[[ DATASET EXCERPTS, beginning ]]
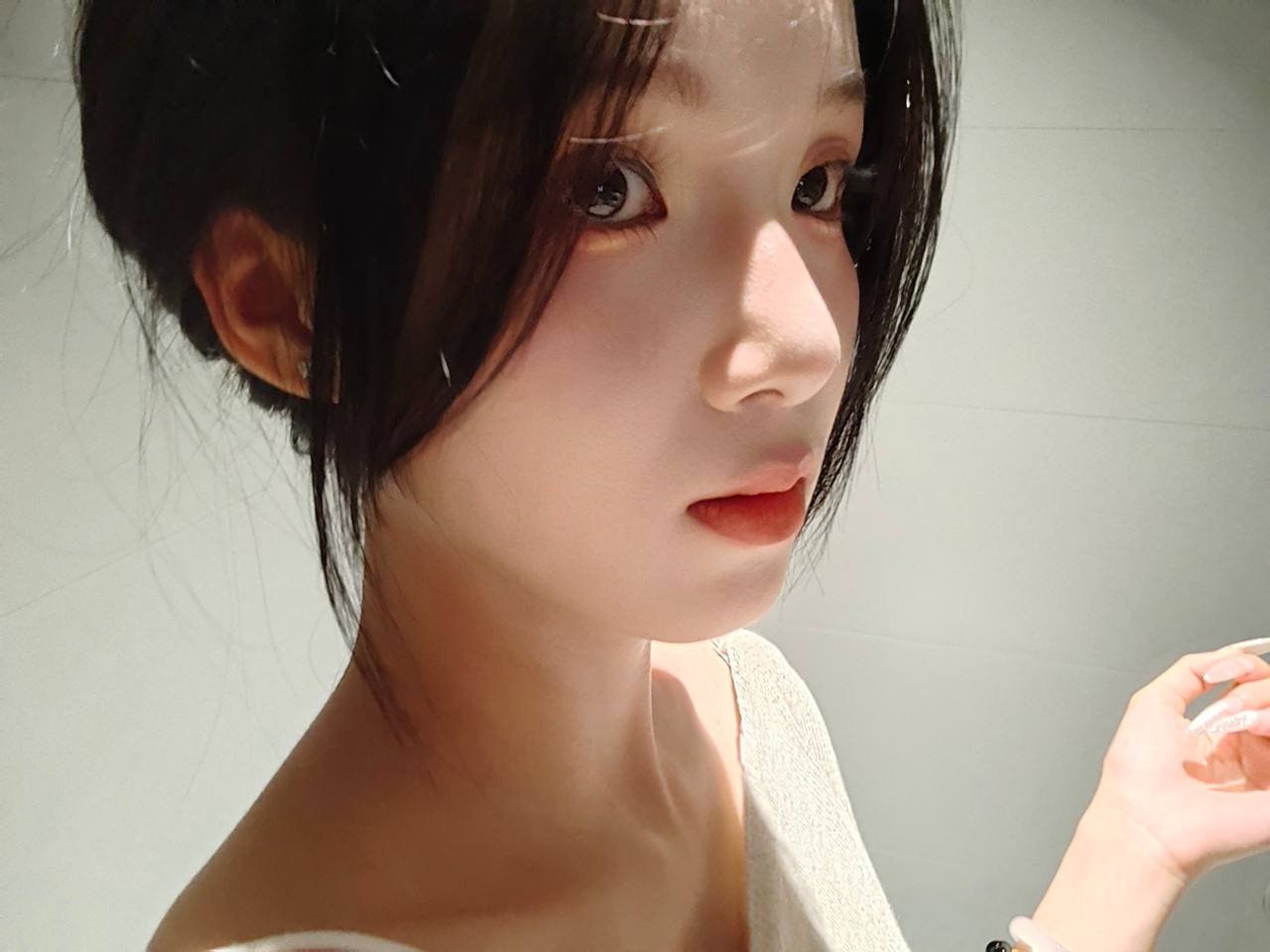 福建 厦门 编号：416757 (点击复制)
➡️ 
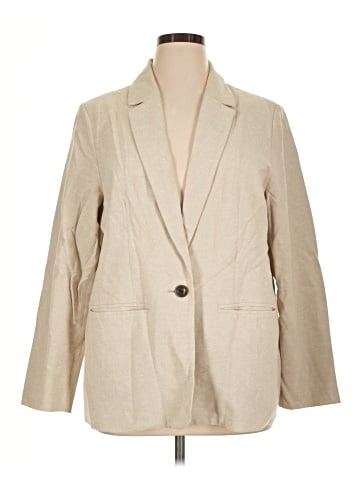 Old Navy Blazer (view 1)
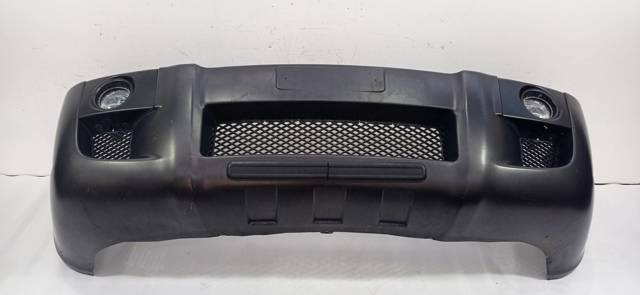 865112E040 HYUNDAI Paragolpes comprar Madrid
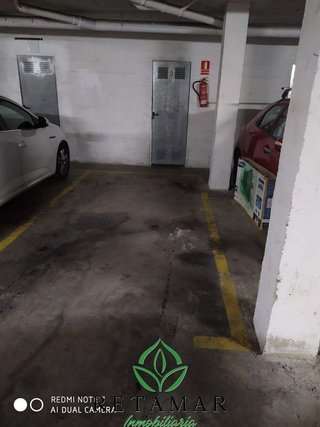 Piso en venta en Centro en Puerto de Santa María (El)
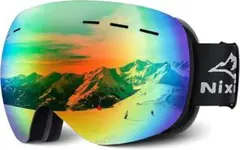 Item thumbnail for item 07550de6-1aa9-437b-8dfe-343e2109f06a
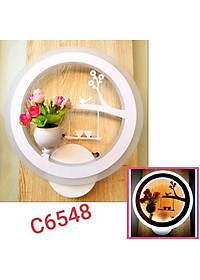 product-img-0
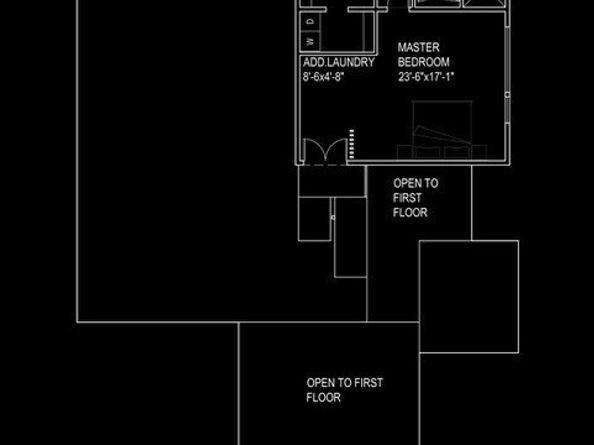 2423 129th Avenue SE, Bellevue WA 98005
[[ DATASET EXCERPTS, end ]]
Before duplicating, set the pictures aside; then output exactly the lines from the one with "Old Navy Blazer (view 1)" through the end of the records, and only those.

- _EXERCISE ANSWER_
 Old Navy Blazer (view 1)
 865112E040 HYUNDAI Paragolpes comprar Madrid
 Piso en venta en Centro en Puerto de Santa María (El)
 Item thumbnail for item 07550de6-1aa9-437b-8dfe-343e2109f06a
 product-img-0
 2423 129th Avenue SE, Bellevue WA 98005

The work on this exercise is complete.